• TASK:
No pictures, please. Copy exactly the lines from the one with "Eleven Times - Techno/Psy" through the final line below.

• GIVEN INFORMATION:
-- -- --
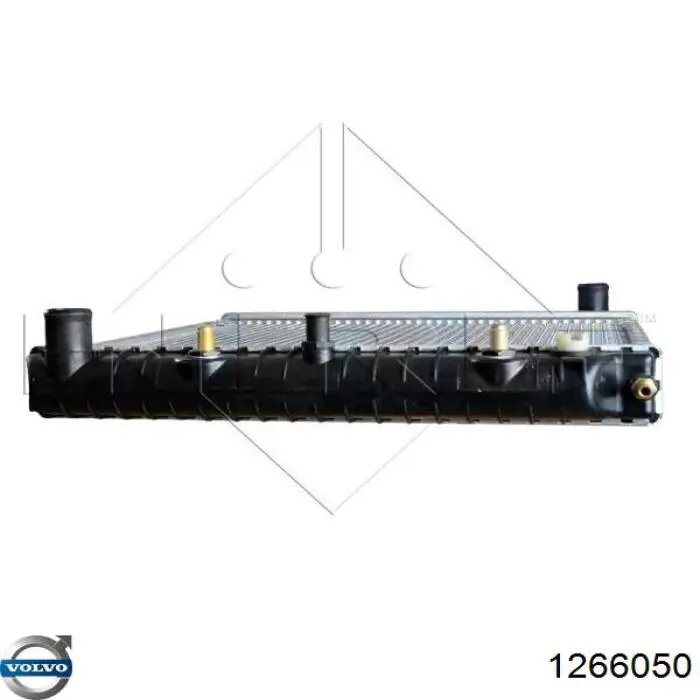 Купить 463027 Volvo Радиатор водяной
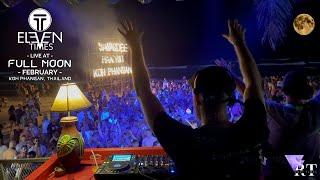 Eleven Times - Techno/Psy Set - Full Moon Koh Phangan (FEB 2024)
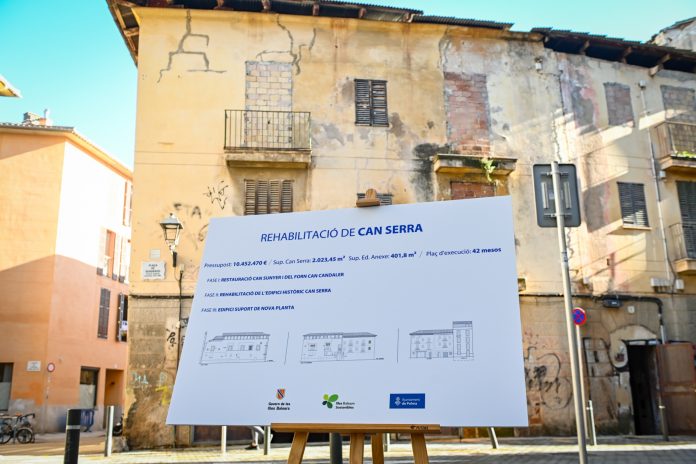 Cort impulsa la rehabilitación de Can Serra para convertirlo en un Museo de Historia de Palma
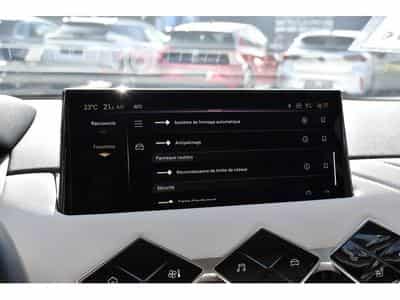 DS Automobiles DS3 1.2 PureTech EAT8 Rivoli CUIR GPS CAM LANE SIDE FOCAL 1°MAIN (2023) - Photo 15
-- -- --
• OUTPUT BELOW:
 Eleven Times - Techno/Psy Set - Full Moon Koh Phangan (FEB 2024)
 Cort impulsa la rehabilitación de Can Serra para convertirlo en un Museo de Historia de Palma
 DS Automobiles DS3 1.2 PureTech EAT8 Rivoli CUIR GPS CAM LANE SIDE FOCAL 1°MAIN (2023) - Photo 15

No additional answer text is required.